Why Are Buyers of Newly Built Homes Vulnerable to Mortgage Rate Increases?
Mortgage rate increases are difficult for all homebuyers. But buyers of newly built homes pay the heftiest financial price when mortgage rates rise.
Traditionally, new home buyers sign a contract and pay a deposit several months before their home is ready. The time between signing a contract and moving into a new home has recently expanded even further – sometimes by up to a full year – due to lingering supply chain issues and building delays. Buyers of existing homes, on the other hand, typically sign a contract and pay a deposit shortly before their deal closes.
This means that the risk of being burned by rising interest rates is especially acute for new home buyers. Just consider a buyer who paid a deposit on a new home last summer, with the expectation of moving in by June 2022. A year ago, that buyer’s loan estimate had an interest rate under 3%. Now, mortgage rates are well above 5%, meaning that monthly mortgage payments will be hundreds of dollars higher than initially anticipated. And walking away from the deal is an unappetizing option – usually, buyers who do so sacrifice their initial deposit.
How Can Buyers of New Homes Approach Rising Interest Rates?
Clearly, agreeing to a contract on a newly built home involves an element of risk.
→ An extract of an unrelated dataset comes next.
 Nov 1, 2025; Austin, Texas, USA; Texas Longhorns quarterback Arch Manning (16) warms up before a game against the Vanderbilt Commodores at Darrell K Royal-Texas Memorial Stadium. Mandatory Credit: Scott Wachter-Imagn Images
But buyers – including your clients – can explore strategies that insulate them from further mortgage rate hikes and increased borrowing costs.
The most common tactic to blunt the effects of rising interest rates is agreeing to a mortgage rate lock. With a mortgage rate lock, buyers lock in a specific mortgage rate, in exchange for what is usually a few hundred dollar fee.
Mortgage rate locks usually come in 30, 45, or 90 day increments, but buyers can also agree to nine-month or 12-month rate locks if they agree to a price above the current 30-year fixed interest rate.
For buyers of newly-built homes, a longer rate lock may make sense. Since mortgage rates are expected to be much higher in six months or a year, agreeing to a longer-term rate lock can save borrowers tens of thousands dollars over the course of a home loan.
In addition, new home buyers can navigate interest rate hikes by considering an adjustable-rate mortgage (ARM), or purchasing discount points on their mortgage.
An ARM offers buyers an initial 5, 7, or ten-year rate that’s significantly lower than a standard 30-year mortgage. In return, buyers agree to pay a much higher interest rate once this “teaser” rate expires.
ARMs generally make the most sense for buyers who plan to sell their home within the span of their “teaser” period. If your clients are purchasing a newly-built starter home, or are convinced they will be able to refinance their rate in the future, an ARM may be a worthy choice.
Discount points are fees a buyer pays to reduce their mortgage interest rate and monthly payment. For buyers who plan to stay in their new home for the long-term, discount points can pay off, as the price to “buy down” the interest rate is eclipsed by monthly savings on the mortgage.
Overall, buyers of newly-built homes must be aware that rising interest rates and borrowing costs have the potential to blow their budget and cost them their dream home – so having a plan to deal with rising rates is a must.